Archive for January, 2006

I've missed you, too

Tuesday, January 10th, 2006

Sorry for the hiatus. I’ve been somewhat busy and, honestly, not excited about writing anything since my dad died. The response to that post has been incredible and touching, coming from friends and strangers alike. My thanks to all of you.

Bachelor days

My girls are up in Canada for their annual pilgrimage to visit with her side of the family. I won’t bore you with the details of their horrendous flight up there — broken planes, airport switches, and a tired baby — but it was nothing to relish. I felt so frustrated that they were having such a difficult time and there was precisely bupkus I could do about it. I flirted with the idea of flying up to New York just to help her get from Kennedy to La Guardia but at $500 I figured that was pushing it a bit far. They made it and are in good company now so I can stop worrying.

As a bachelor I get to dabble in a bit more freedom which can be nice for a change of pace. My wife is not one of the “load the hubby up with a ‘honey-do’ list to keep him busy” which I appreciate. We’re both adults, we have things we want to do and we do them in some fashion or timeframe. This business of one side dictating to the other what will be accomplished, regardless of whether the other party is there or not, is for the birds. There’s no wonder the divorce rate is up if people see their spouses as laborers that must be given tasks in their absence.

I’m trying to work on my business concept and the software side of that but it’s relatively slow going primarily due to the size of the existing code base and my lack of knowledge of it. I’m ever so slowly getting there, but it’ll take some time. It hasn’t reached the critical juncture where I’m driven to do it, which is mostly because it seems “tough” right now and that’s a direct result of the lack of knowledge. Once I get my teeth in it it’ll go faster.

Now that’s a home entertainment device

I’m getting some time in on the Xbox 360 and coming away more impressed than ever. I finished Kameo and Call of Duty 2, both of which were excellent games in their respective ways. I’m currently working on beating Call of Duty 2 on Veteran difficulty to get those achievement points, Condemned, and Project Gotham Racing 3.

Condemned is a very well-made action-horror game that I simply had to try after playing through the demo.

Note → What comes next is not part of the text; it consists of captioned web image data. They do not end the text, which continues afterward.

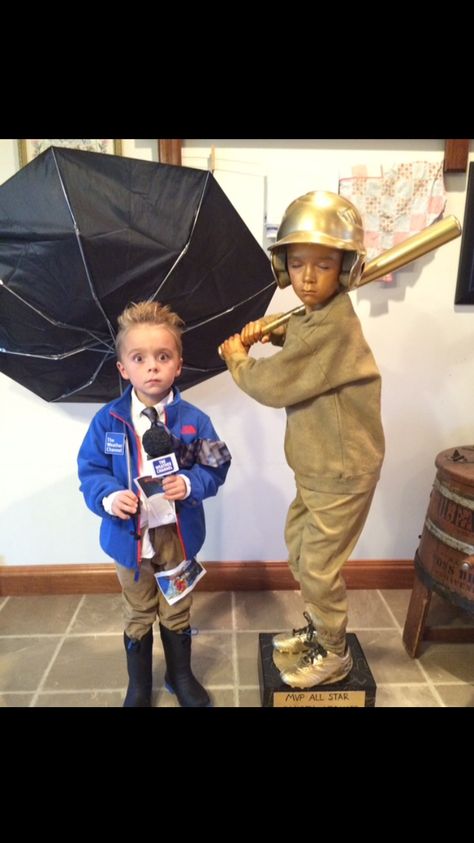 2015 Halloween Costumes: Paxton-Weather Channel Weather Man reporting from Hurricane Patricia, and Camden-A Baseball Trophy Weather Man Costume, Career Day Costumes For Kids, Career Day Costumes, Diy Customes, Baseball Trophy, Baseball Costumes, 2015 Halloween Costumes, Homecoming Spirit Week, Homecoming Spirit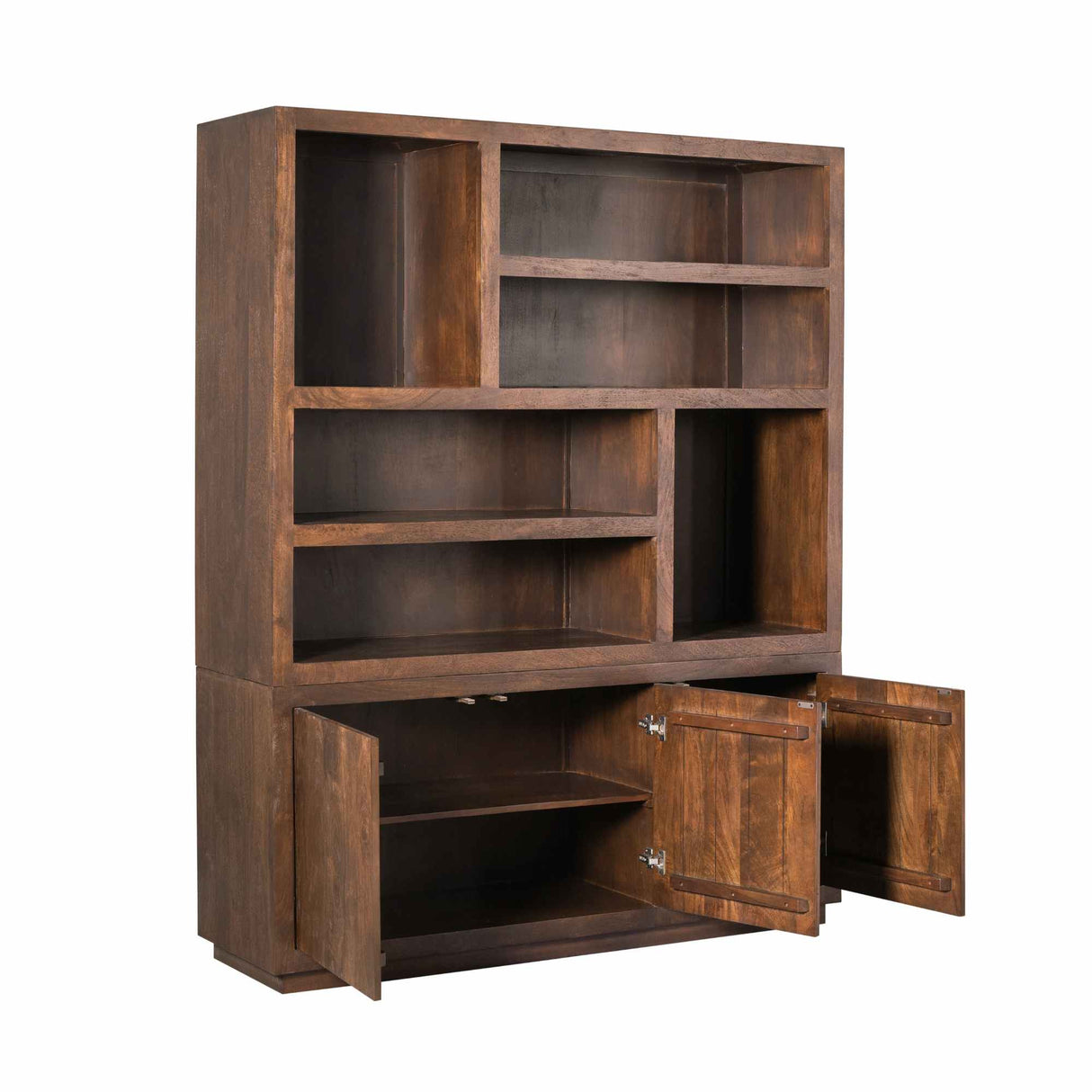 Vakkenkast XL - Bruin Mangohout - 160 cm - Modern Design - 3 Deuren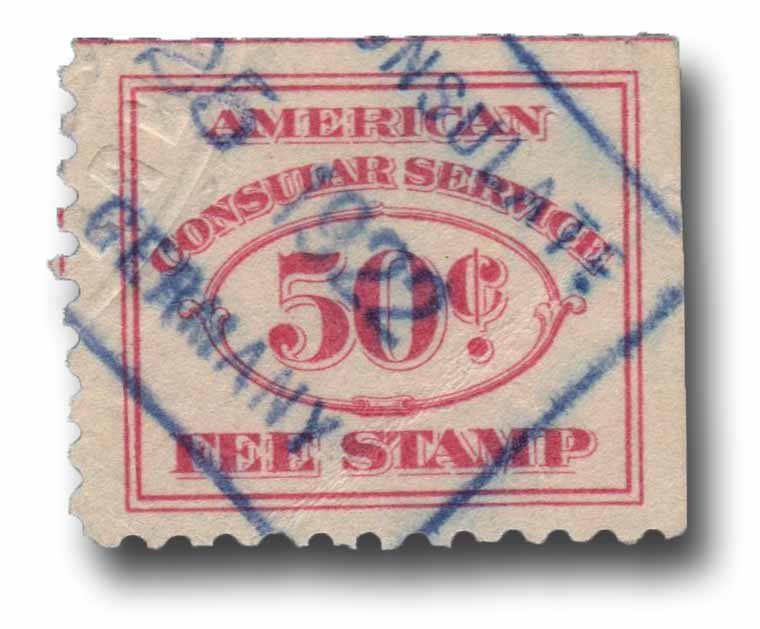 RK9 - 1906 50c American Consular Service Fee Stamp, Carmine, Perf. 10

I don’t usually like horror games, but this one is appealing in its presentation and thoroughness. I’m an enormous pansy when it comes to games like this so I’m getting through by starting up a voice chat with a buddy as I traverse the levels. Don’t worry, I know I’m ridiculous. I embrace it. I haven’t made it far, but man have they done an amazing job of creating tension and fear. Jerks.

So long Xbox

And today I say goodbye to my little Xbox buddy. I put my original Xbox on eBay and sold it for a reasonable sum when the auction ended last night. Good little system but it was set to languish alone now that the far sexier 360 is here. I’m pleasantly surprised by how much the auction went for. 4 years of use and I still got a nice chunk of change. I attribute it to the people that want to turn it into a media streaming box via mod chip. Whatever, I don’t care… I gots my cash.

Xbox Live gamer points and the horrible inequity of it all

Tuesday, January 17th, 2006

So there’s this neato thing called your Gamerscore in the next generation Xbox Live. You can see it right over there in the sidebar. It is meant to be an easily referenced numeric indicator of your achievements over all the games you’ve played. Full games can hand out up to 1000 points to add to this score while Xbox Live Arcade games can dish out up to 200. Fine so far.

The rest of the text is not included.